Marta fue hacia aquel cajón y levantó hábilmente dos tablas. Allí estaba el cuaderno con su diario y el otro de las leyendas. El corazón le golpeaba. Allí tenía siempre un lápiz preparado. Lo mordió y luego empezó a escribir con cierto arrebato:

"Gran Canaria…

"La luz de la mañana, verde, tiene una frescura salobre, marina, como si la isla saliese de las aguas cada amanecer.

"Marta, después de una noche inquieta, llena de proyectos, se duerme al fin. El pequeño mar de sus sábanas crece hasta cubrirla y es el océano infinito y brillante del día en que Alcorah, el viejo dios canario, sacó de su fondo azul las siete islas afortunadas. Una oleada cálida y húmeda viene de las tierras recién creadas. El corazón palpita brutalmente, ciego, entre la bruma pegajosa del mar. Hay imágenes y sombras de islas que danzan.

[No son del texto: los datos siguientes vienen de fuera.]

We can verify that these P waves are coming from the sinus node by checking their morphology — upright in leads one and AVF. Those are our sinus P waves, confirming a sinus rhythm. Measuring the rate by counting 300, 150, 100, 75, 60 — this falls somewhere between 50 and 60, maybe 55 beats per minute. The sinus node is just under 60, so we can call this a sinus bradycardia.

"La voz de Alcorah llena de oro los barrancos, crea nombres y deshace nieblas. Las palmeras, los picachos, los volcanes, surgen en una luminosa, imponente soledad… Marta se llama Marta en un campo de viñas calientes de Tamarán, la isla redonda.

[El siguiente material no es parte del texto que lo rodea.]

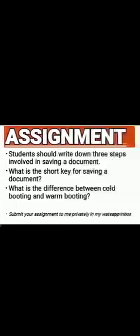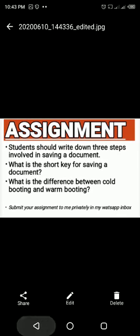Number three: what is the difference between cold booting and warm booting? I mentioned this the last time. Refresh your brain — don't open your notes, just write the difference from memory. This assignment should be submitted by Monday, the 15th of June. Thank you, God bless you, until we meet here again.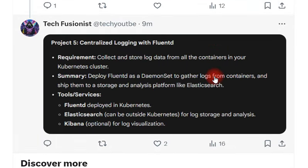The next project is containerized logging and monitoring with Fluentd. The requirement here is to collect and store log data from all the containers in your Kubernetes cluster. Prepare for these projects and try to build them. In the coming weeks I will share step-by-step solutions so you can get hands-on implementation.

"Leyendas de gigantes y de montañas suben a su alrededor como el vaho de la calina a mediodía.

"Así, Bandama, la montaña negra, la que Marta tiene delante de sus ojos, aparece con su historia antigua. Bandama es el gigante que instaló en los días del caos de la isla la gran caldera, donde hizo hervir el fuego infernal los primeros componentes de la vida de los diablos. Hervor y locura que no resistieron a la sonrisa de Alcorah. La gran caldera hirviente se convirtió, con este conjuro, en un inmenso nido de pájaros.

"«Así pasará con tu corazón», dice Alcorah a Marta en esta noche de sueños.

"Sombras de nubes cruzan sobre el viejo volcán apagado y la voz del dios de las islas se va por los barrancos dejando ecos imprecisos y angustia. Marta se ha visto al pie de la Caldera, cerca de su casa, que aún no existe, sola, entre el dolor de las viñas y de las higueras.

"¿Puede llegar a ser una caldera hirviente, un gran nido de pájaros, el corazón de una niña perdida en una isla de los océanos?".

Al terminar este trozo, lo leyó dos o tres veces, acalorada. Luego se fue enfriando. Por mucho cariño que tuviera a sus cosas, estaba lo suficientemente cultivada para saber cuántos defectos tenían sus poemas, qué balbucientes eran aún. Pero los parientes comprenderían, al leerlos, que ella era apenas una chiquilla muy joven y aislada.

Guardó sus cuadernos, y por primera vez sintió frío en el cuerpo, que debajo del camisón estaba desnudo. Una de las ventanas tenía un cristal roto, y la corriente de aire hacía golpear la lona que cubría una antigua cuna desarmada, con un plop plop insistente y frío. La bombilla, pendiente de un hilo, se balanceaba levantando extrañas sombras de los rincones.

Sin saber por qué, Marta se acercó a una de las ventanas. Limpió el polvo de los cristales con sus manos y acercó la nariz a ellos. Sabía que desde allí, entre dos colinas, se veía un trozo de mar lejano. Si hubiese apagado la luz lo habría visto brillar bajo las estrellas. Pero no apagaba la luz porque, de pronto, la noche, el silencio y lo insólito de estar en aquella habitación a tales horas le estaban empezando a dar miedo.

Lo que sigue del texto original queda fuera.